Questions I Ask Myself
This self interview was conducted on October 30, 2014
Q: Your new book Trickster, arrives exactly 20 years after your first book Collision Center; why did it take you so long to write your second book?
A: After Collision Center was published, I stopped writing or even reading poetry for six years. I gave up teaching and went to work in the emerging Internet market. Then, when I began writing and teaching again around 2002, a number of life events intervened that made it difficult to write. For example, I moved seven times during the ten years it took to write the book. But, I like to write slowly and I had the luxury of being left undisturbed.
Q: What made you return to writing?
A: I don’t feel that I ever really left the process of writing. I stopped writing intentionally. I invoked silence to clear my head and that was part of the process of beginning to write again. The immediate impulse that got me started writing was desire—the desire to make something with words, really the hunger for that experience. But I didn’t want to pick up where I had left off and just continue, so I began writing again very slowly. First I began reading haiku, which during my time in Iowa, Jorie Graham had used as a starting point for thinking about image, line and gesture. Simultaneously, I began reading the diaries and papers of artist Joseph Cornell. Suddenly, I had the realization that I could “extend” Joseph Cornell’s fragmentary writing into complete poems—this concept of extension came from Cornell’s own writings. I sensed he had underestimated himself as a writer and had managed to snag some very interesting moments of being, but was not confident enough to fully develop them—instead, he used a visual shorthand, for example, a star to represent a particular kind of exultation.
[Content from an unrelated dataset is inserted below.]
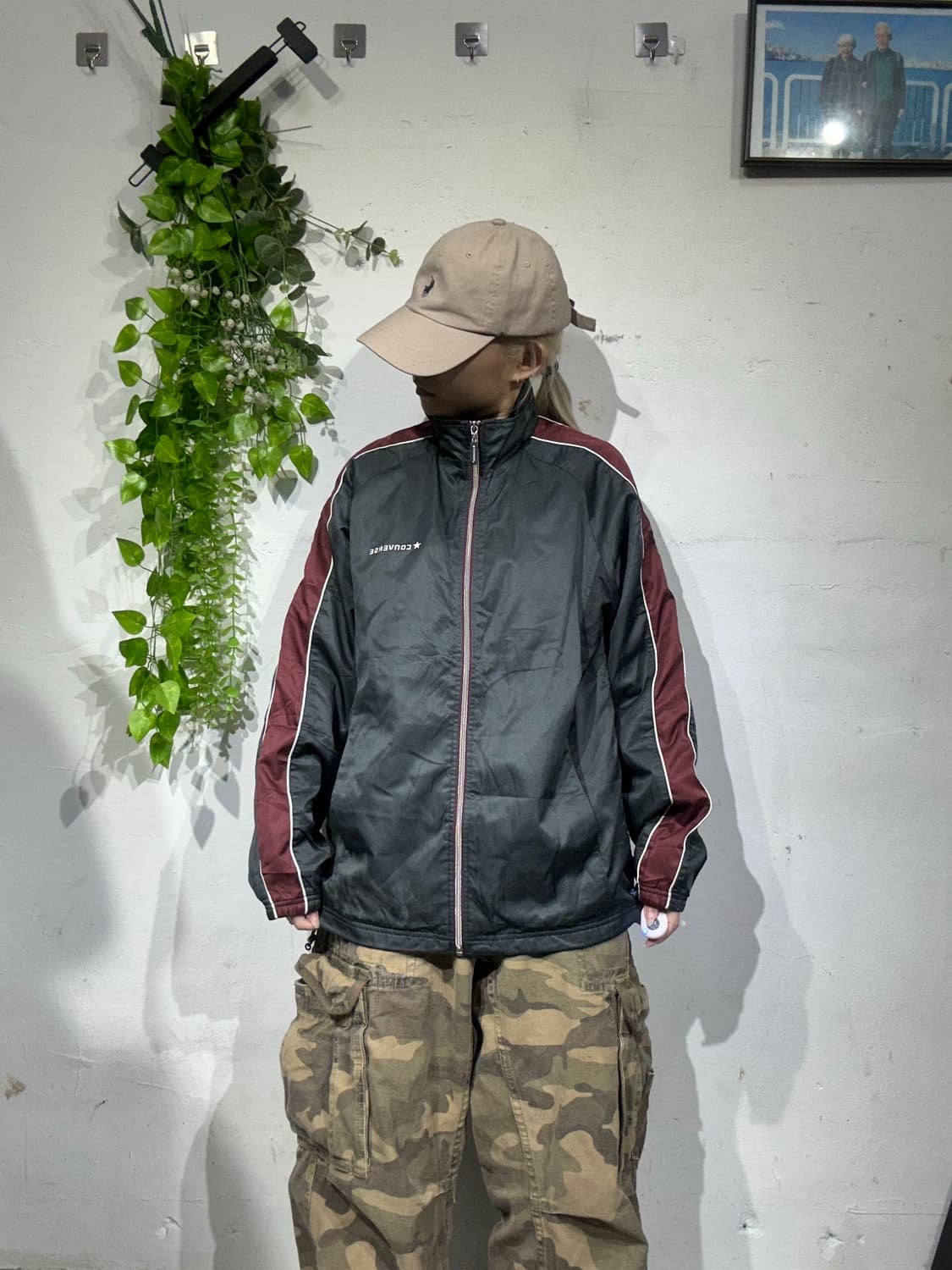 컨버스 그레이 버건디 사이드 라인 트랙탑 져지 M 상품이미지2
Q: Besides Cornell, what other writing influenced your new work?
A: I reread the so-called confessional poets, especially Lowell, Berryman, Roethke, Plath and later Larkin. And I studied Nijinsky’s diaries, which were truly unnerving. I also began reading about the natural world and ethnographic records published by the Smithsonian in the early 20th century documenting Native American and First People’s oral traditions.
Q: You titled this book Trickster, so what does that word mean to you?
A: The Trickster character spans many cultures, but in my own work it has a dual meaning, as an untrustworthy servant of the creators who is both the instigator and victim of his own desires as expressed in Native American oral traditions; and as Mercury, the alchemical agent of transformation, as described in alchemical texts and the writings of C.G. Jung.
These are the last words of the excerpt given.